En aquella época sin
esperanzas en que los dioses se hubieron marcharon de la faz de la tierra, y
las personas terminaron por perder todo vestigio de su presencia, un hombre
llegó hasta el océano oriental en busca de Tezcatlipoca; cuando se detuvo frente al mar, sobre la aridez de la costa, el
dios apareció transformado en tres figuras que flotaban sobre las olas, entonces el
dios habló y le dijo: “Acércate amigo mío. Deseo que penetres en la casa del Sol y
consigas cantantes e instrumentos para que mi recuerdo sea celebrado con
música. Has de llamar a mis tres sobrinas: la ballena, la tortuga marina y el
manatí, para que tiendan un puente sobre el agua hacia los aposentos solares”.
Obedeciendo
al dios, aquel hombre llamó a los animales y caminando sobre el océano llegó al
hogar del Sol; mientras se acercaba pudo observar al astro, rodeado de músicos que lo
festejaban. Estaban
vestidos de túnicas blancas, rojas, amarillas y verdes; tocando tambores hechos de madera y de piel.
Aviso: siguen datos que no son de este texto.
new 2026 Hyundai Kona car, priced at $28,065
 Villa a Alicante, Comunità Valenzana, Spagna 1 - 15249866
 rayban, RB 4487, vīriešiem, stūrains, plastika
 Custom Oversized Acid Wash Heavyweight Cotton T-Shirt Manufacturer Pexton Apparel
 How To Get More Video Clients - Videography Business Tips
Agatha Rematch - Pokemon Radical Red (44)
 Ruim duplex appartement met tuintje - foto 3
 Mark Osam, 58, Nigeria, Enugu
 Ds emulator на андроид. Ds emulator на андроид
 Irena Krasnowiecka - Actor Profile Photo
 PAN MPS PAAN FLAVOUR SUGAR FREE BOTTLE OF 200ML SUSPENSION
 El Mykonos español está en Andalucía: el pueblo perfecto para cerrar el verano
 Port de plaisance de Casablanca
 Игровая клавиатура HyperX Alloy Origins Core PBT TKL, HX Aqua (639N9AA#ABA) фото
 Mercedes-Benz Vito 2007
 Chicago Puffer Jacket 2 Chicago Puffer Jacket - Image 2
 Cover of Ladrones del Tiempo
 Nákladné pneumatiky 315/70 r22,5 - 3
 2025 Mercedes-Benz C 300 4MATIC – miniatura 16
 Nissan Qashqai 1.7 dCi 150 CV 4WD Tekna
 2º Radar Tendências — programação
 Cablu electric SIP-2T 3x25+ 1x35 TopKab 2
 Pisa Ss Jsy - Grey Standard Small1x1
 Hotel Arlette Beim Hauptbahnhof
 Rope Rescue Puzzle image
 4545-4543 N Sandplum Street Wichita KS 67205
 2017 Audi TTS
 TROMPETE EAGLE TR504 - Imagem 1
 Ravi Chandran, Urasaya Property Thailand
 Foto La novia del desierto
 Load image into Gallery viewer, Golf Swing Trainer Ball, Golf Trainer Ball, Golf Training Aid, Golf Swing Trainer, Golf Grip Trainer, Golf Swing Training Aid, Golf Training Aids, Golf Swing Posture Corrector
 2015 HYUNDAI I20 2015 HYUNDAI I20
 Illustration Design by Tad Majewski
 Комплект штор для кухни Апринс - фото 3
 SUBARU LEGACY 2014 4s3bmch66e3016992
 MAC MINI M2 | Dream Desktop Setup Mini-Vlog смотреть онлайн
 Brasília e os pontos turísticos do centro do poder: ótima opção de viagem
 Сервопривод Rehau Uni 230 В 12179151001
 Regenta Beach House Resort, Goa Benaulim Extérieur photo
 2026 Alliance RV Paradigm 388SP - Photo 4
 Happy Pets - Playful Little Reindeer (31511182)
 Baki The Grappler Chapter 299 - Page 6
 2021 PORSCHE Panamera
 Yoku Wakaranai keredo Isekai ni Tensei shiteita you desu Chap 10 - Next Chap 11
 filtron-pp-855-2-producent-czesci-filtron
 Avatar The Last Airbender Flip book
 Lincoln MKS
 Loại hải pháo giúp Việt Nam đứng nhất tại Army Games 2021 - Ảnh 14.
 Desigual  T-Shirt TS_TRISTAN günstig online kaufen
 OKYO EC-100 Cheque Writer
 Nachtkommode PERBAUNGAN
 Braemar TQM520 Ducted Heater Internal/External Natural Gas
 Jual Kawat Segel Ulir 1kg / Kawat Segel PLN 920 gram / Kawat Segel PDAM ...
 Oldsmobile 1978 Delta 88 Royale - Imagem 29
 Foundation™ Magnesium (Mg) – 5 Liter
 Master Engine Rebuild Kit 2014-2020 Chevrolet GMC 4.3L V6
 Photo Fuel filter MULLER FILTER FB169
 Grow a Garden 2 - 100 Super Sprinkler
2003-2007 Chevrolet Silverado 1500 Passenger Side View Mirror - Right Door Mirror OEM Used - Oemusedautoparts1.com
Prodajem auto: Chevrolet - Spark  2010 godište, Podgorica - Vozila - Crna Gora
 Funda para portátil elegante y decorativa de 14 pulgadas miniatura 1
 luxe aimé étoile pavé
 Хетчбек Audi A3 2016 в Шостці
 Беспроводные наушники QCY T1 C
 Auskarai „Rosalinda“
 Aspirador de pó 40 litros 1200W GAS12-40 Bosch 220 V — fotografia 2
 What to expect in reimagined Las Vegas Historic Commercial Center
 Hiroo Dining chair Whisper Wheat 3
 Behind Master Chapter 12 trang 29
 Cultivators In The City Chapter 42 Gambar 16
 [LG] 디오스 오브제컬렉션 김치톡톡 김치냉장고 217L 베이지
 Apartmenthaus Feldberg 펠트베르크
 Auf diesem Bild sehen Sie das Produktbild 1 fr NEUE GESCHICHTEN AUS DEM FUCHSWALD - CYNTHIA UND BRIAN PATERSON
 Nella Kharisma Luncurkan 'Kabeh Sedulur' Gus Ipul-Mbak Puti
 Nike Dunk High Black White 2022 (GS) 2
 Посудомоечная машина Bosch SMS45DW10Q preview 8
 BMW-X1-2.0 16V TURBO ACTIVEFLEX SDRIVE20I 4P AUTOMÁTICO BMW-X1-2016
Al momento el Sol percibió la presencia del extranjero y les advirtió a sus
músicos: “Aquel hombre es un ladrón, no respondan a su llamado, porque quien lo
haga tendrá que marcharse con él”. Sucedió entonces que, sin penetrar en las estancias celestes, el hombre
alzó la voz para entonar una hermosa canción que sedujo a todos; al oírla los
corazones de los músicos se hincharon de alegría y al terminar la canción
ninguno de ellos pudo resistirse, levantaron entonces su hermosos tambores y, sin dejar de
tocar, marcharon
tras de sus huellas, cruzando el océano imperecedero.
Desde aquel
tiempo los hombres aprendieron a celebrar y cantar canciones en honor a sus
deidades, y algunos creen que al escuchar la música los dioses descienden del
cielo para cantar con la gente y unirse a sus danzas.